Yet parents and others who communicate the faith in this simple and direct way must themselves be formed by preaching and assisted by other forms of teaching, ultimately under the guidance of the bishops united with the pope. At this level, at least, obstacles to communication and breakdowns in it must be dealt with in a methodical way. Interpretation becomes essential to resolve difficulties and correct mistakes which otherwise would impede the handing on of the faith or corrupt the message of God. But the necessary work of interpretation can only make its contribution if carried out with a clear awareness that the linguistic expressions to be interpreted are only partial expressions of the truths the Church believes, and that the truths which the Church believes are only part of the whole reality which she herself is—the whole reality of humankind’s relationship to God.

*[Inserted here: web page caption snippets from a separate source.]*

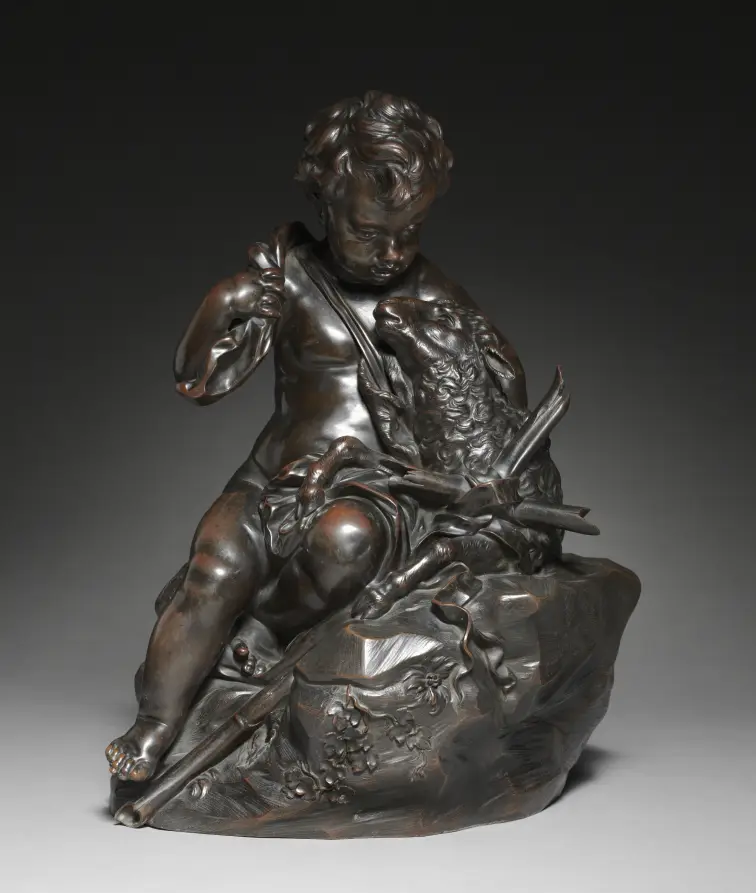 Young Saint John and the Lamb
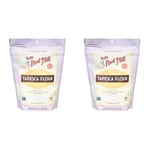 Bob's Red Mill - Gluten Free, Finely Ground Tapioca Flour, Also Known As Tapioca Starch, 454g Pouch (Pack of 2)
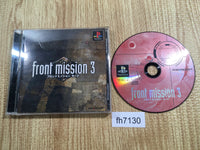 fh7130 Front Mission 3 PS1 Japan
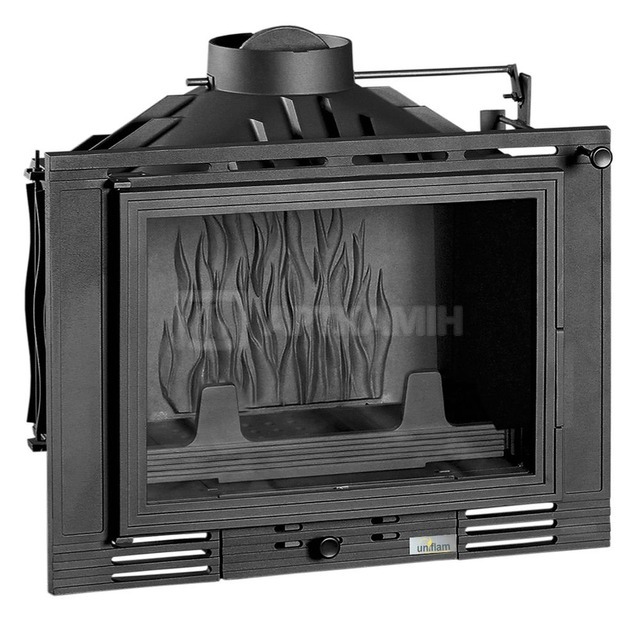 Каминная топка Uniflam 700 Eco с шибером. Фото 2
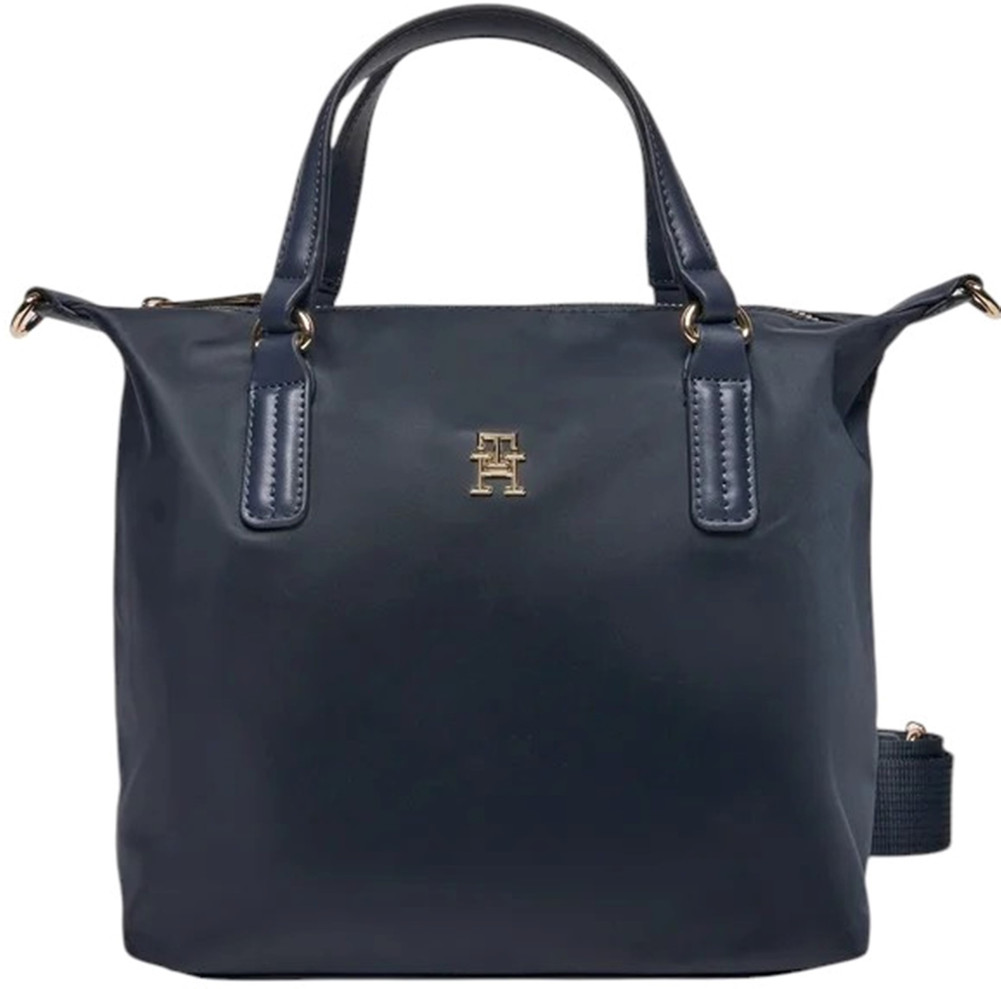 Torebka Tommy Hilfiger  Poppy Th Small Tote AW0AW15640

This awareness of the context of expressions to be interpreted is likely to be overlooked in the study of sacred Scripture, and so is not least urgent in this study. The Bible contains accounts of the signs by which God reveals himself. It also describes the hearing and reaction with which these revealing signs were received. Because of the personal character of divine revelation, much more than the expression and grasping of propositional truths is involved. The Bible richly reflects this whole communication in all its aspects. For this reason, Scripture contains prose and poetry of many kinds which permanently enshrine many aspects of God’s shaping of his people by his living word.

If one applies historical-critical methods to the study of the Bible on the assumption that it is no different from any other ancient set of writings, one is hardly likely to assist effectively in the work of handing on God’s revelation to which the sacred texts bear witness. One must take into account the ecclesial community to whose culture the Bible belongs. Since much of the text is for use in celebration and for shaping action, a sincere attempt to live out the biblical message and regular liturgical use of the text are as essential to understanding it as appropriate responses of infants to their parents are to their growing understanding of an adult world.19

These remarks are not intended to suggest that careful literary and historical study is unnecessary for the interpretation of Scripture. One must distinguish literary forms, learn about the extralinguistic context, and understand the language originally used and its limits. Since few but experts can do this, most of us must rely for guidance on the best available commentaries. In other words, we must trust experts for a correct understanding of God’s word, which is essential to our Christian life.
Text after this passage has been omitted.